Since I moved to London in 2007 I have been making annual pilgrimages to the Royal Albert Hall for the BBC Proms series. The breadth of music, calibre of artistes and ensembles and the atmosphere is unrivalled by anything that I have ever experienced in the classical music world. Furthermore, ticket prices are very affordable – with day Promming tickets set at a recession-busting £5 and tickets in the Circle starting for most concerts at around £10 – £15. I think this represents phenomenal value (particularly when contrasted to other London venues, such as The Royal Opera House).
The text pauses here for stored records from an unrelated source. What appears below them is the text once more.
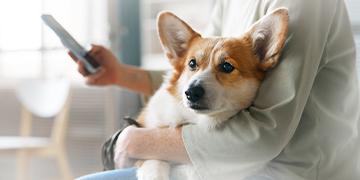 4 โรคที่ควรระวังและป้องกันให้น้องหมาในช่วงปีใหม่นี้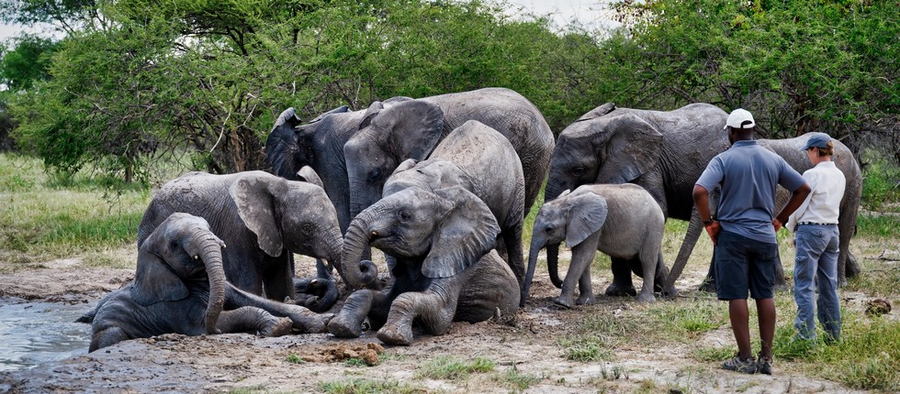 Semowi Nature Camp: Elephant Havens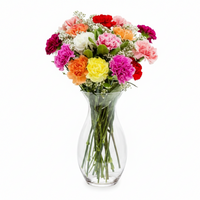 Classic Rainbow Carnation Bouquet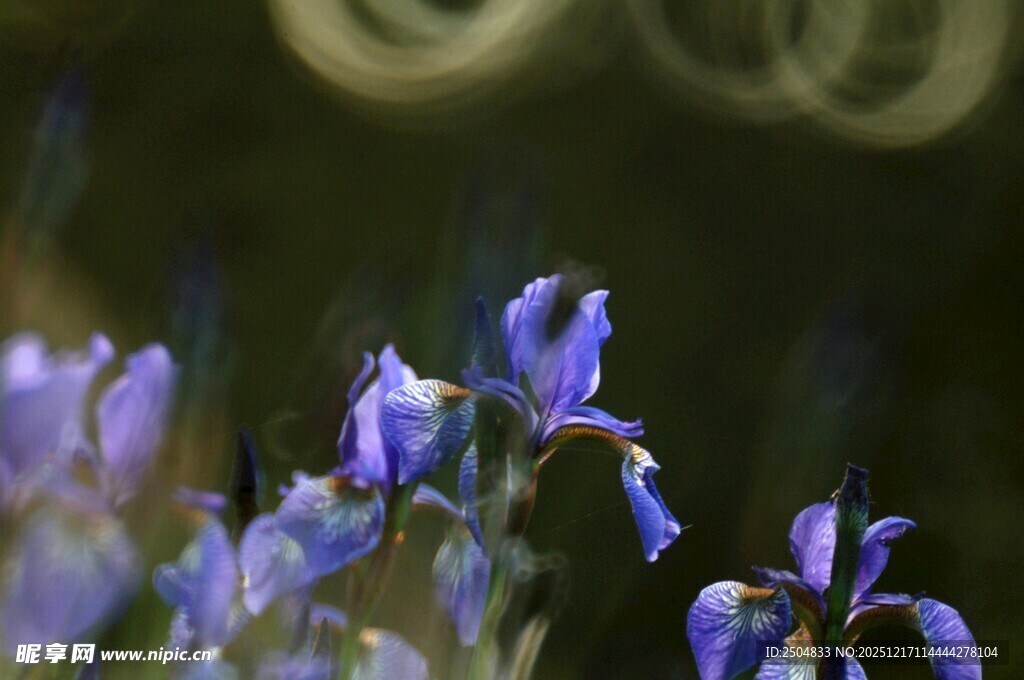 紫色鸢尾花特写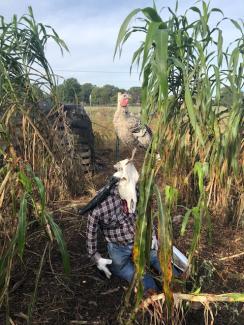 photography club scarecrow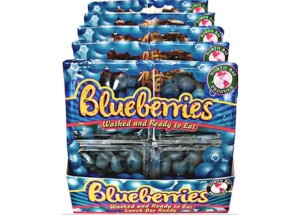 North_Bay_blueberries_large_II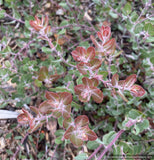 Shrubs ~ Arctostaphylos x pajaroensis, Pajaro hybrid manzanita ~ Dancing Oaks Nursery and Gardens ~ Retail Nursery ~ Mail Order Nursery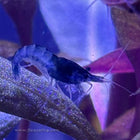 Blue Velvet Shrimp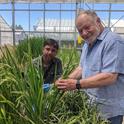 Eduardo Blumwald, a la derecha, del Departamento de Botánica de UC Davis, con el investigador de postdoctorado, Akhilesh Yadah, con el arroz que ellos y otros del equipo de Blumwald modificaron con el fin de usar el nitrógeno de manera más eficiente. Fotografía por Trina Kleist, UC Davis.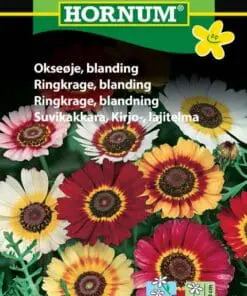 Okseøje blanding – Blomsterfrø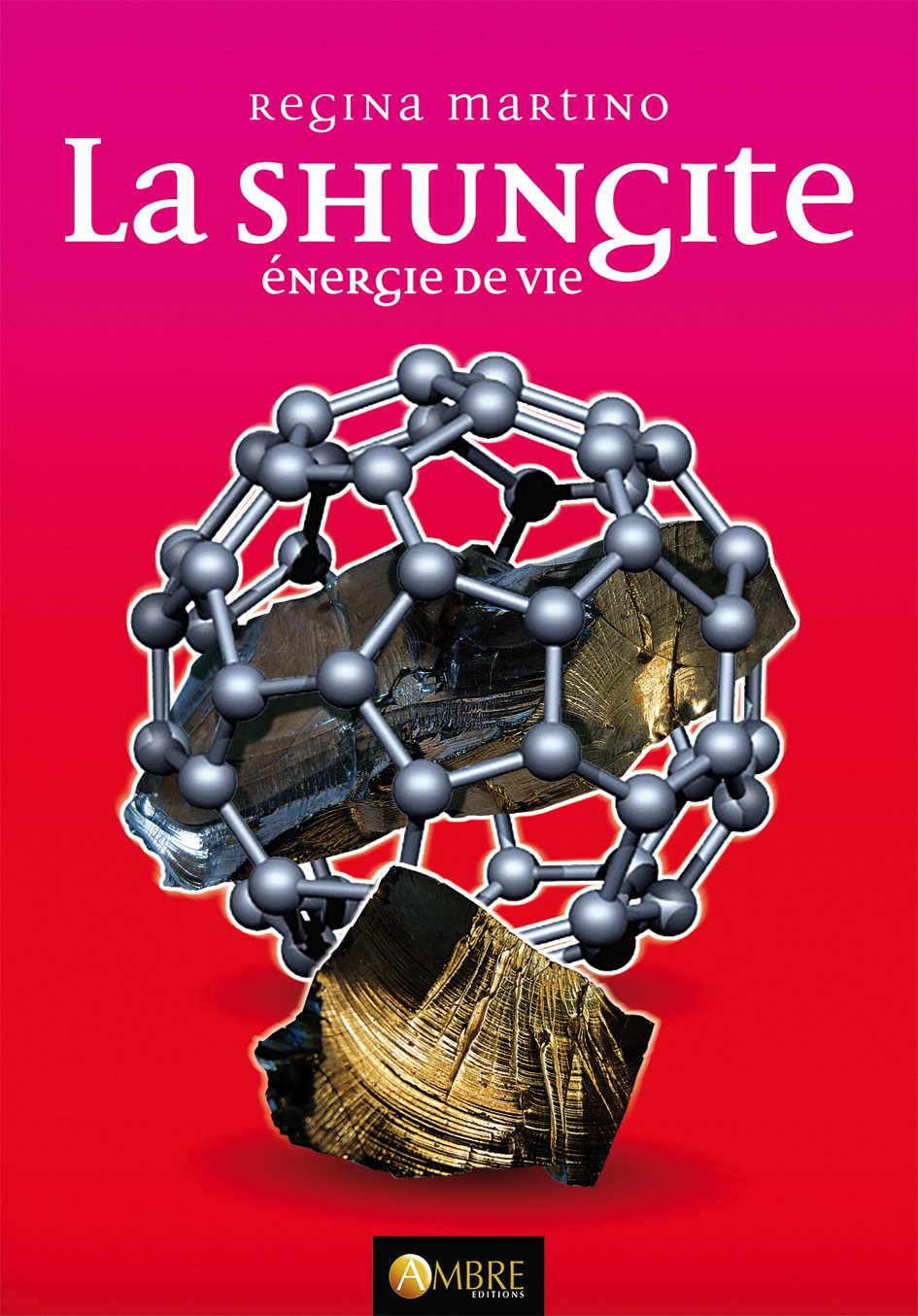 La Shungite énergie de vie book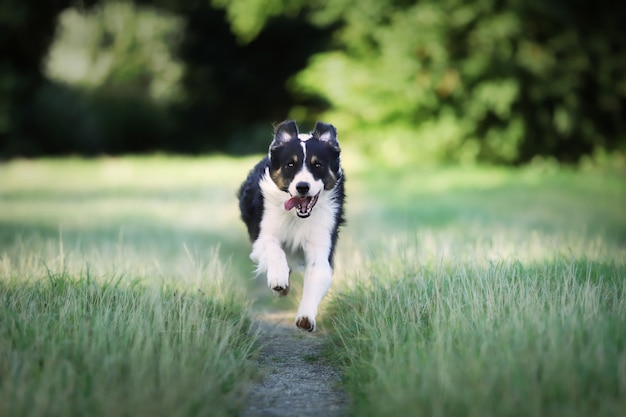 Foto gratuita primer plano de un perro border collie corriendo en el campo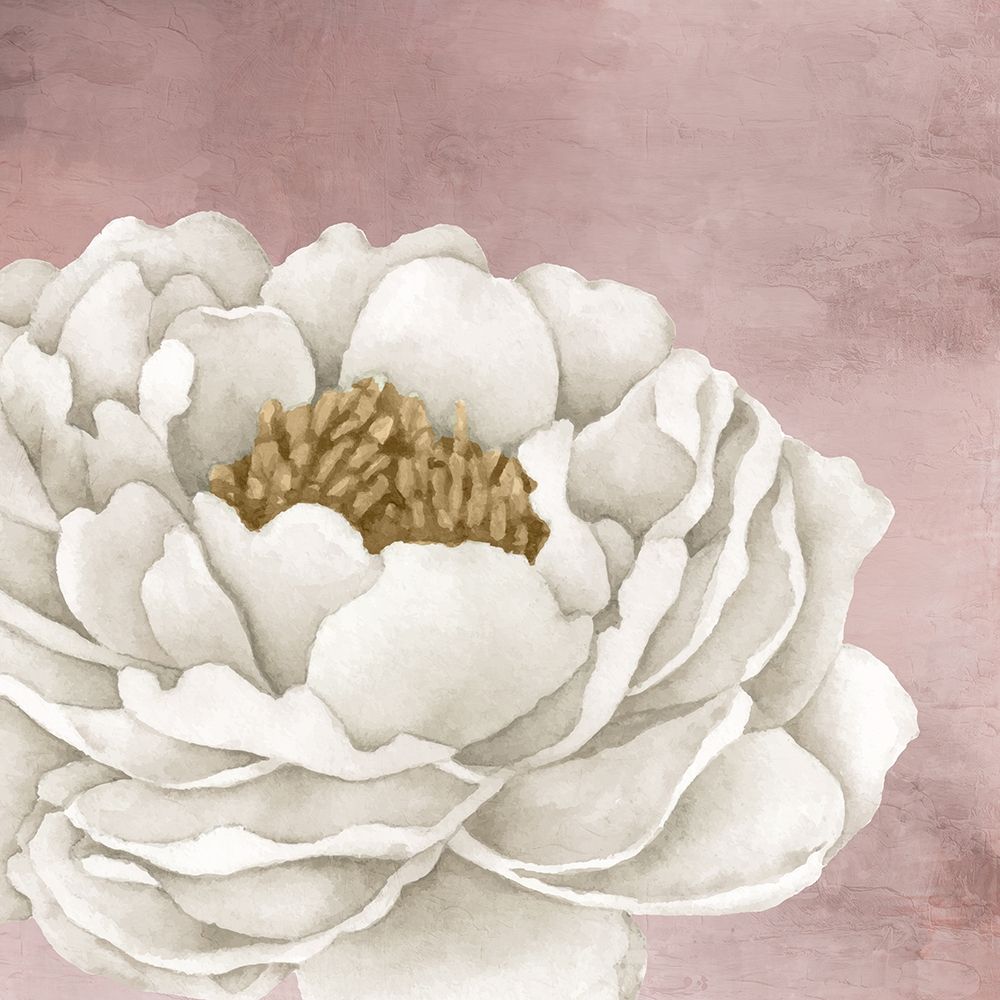 All 3 art print by Kimberly Allen for $57.95 CAD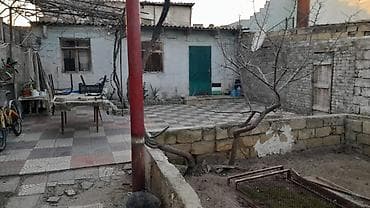 bineqedide torpag: 7 sot, Tikinti, Mülkiyyətçi, Kupça (Çıxarış) — 6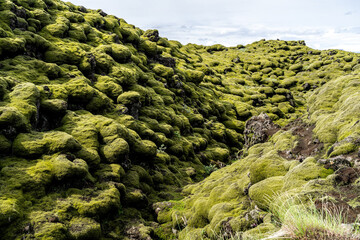 moss covered lava field in Iceland - 514413845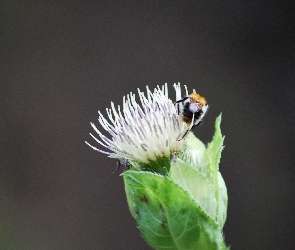 Kwiat, Pszczoła
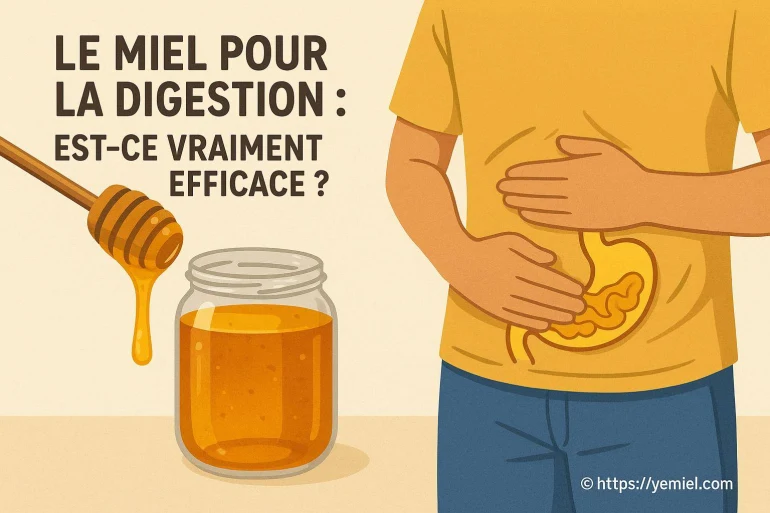 Le miel pour la digestion : est-ce vraiment efficace ?
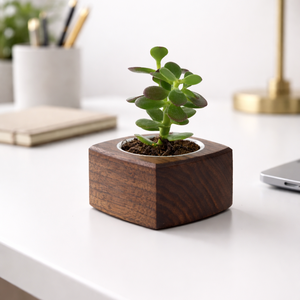 Mini növénytartó - otthon & életmód - virágdekoráció - virágdíszek - asztali virágdísz - Meska.hu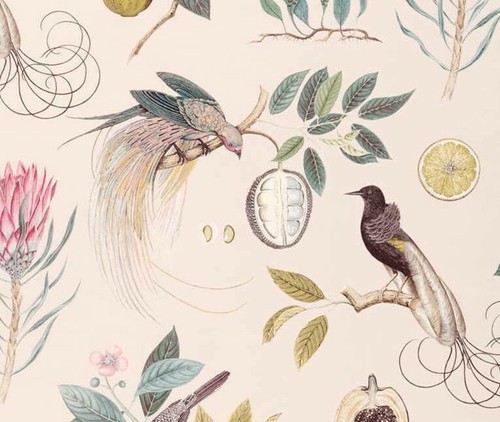 Sanderson gardinenstoff design - sanderson,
My usual tactic for the Proms is to pick five concerts that I particularly want to see and buy tickets in advance, through the only part of the Promming experience that I detest, the Prom Virtual Queue – something that must be endured with fortitude and patience. Utilising this method I have seen the National Youth Orchestra of the United States of America play Shostakovich 10 and the BBC Scottish Symphony Orchestra, under Donald Runnicles, perform a breath-taking and majestic Tannhäuser.

I also earmark a number of concerts that I may attend if I have the time and the inclination. This was the case with yesterday’s Proms concert. I was attracted to it on two fronts – an all-Russian repertoire and the London Symphony Orchestra under Valery Gergiev. My resolve was severely tested as rain decided to hammer down on us as we queued for the Arena tickets, but Promenarders are made of pretty stern stuff and a bit of drizzle never dampens our resolve (figuratively speaking, literally speaking, of course, it did).

I’ll confess to being a bit confused at first by the programming; the concert was to start with Borodin’s Symphony No. 2 in B Minor. It is slightly unconventional to start a programme with a symphony – particularly as there was a concerto and a new work in the running order too. I’d played Borodin’s First with my amateur orchestra relatively recently, but I’ve been listening to his second for a long while now and was pleased for an occasion to hear it. From the dramatic string chords to start, through the beautifully mournful Horn and wind soli in the third movement and the energetic finale, this was an extremely pleasing performance of a piece that I’d only previously heard on recordings.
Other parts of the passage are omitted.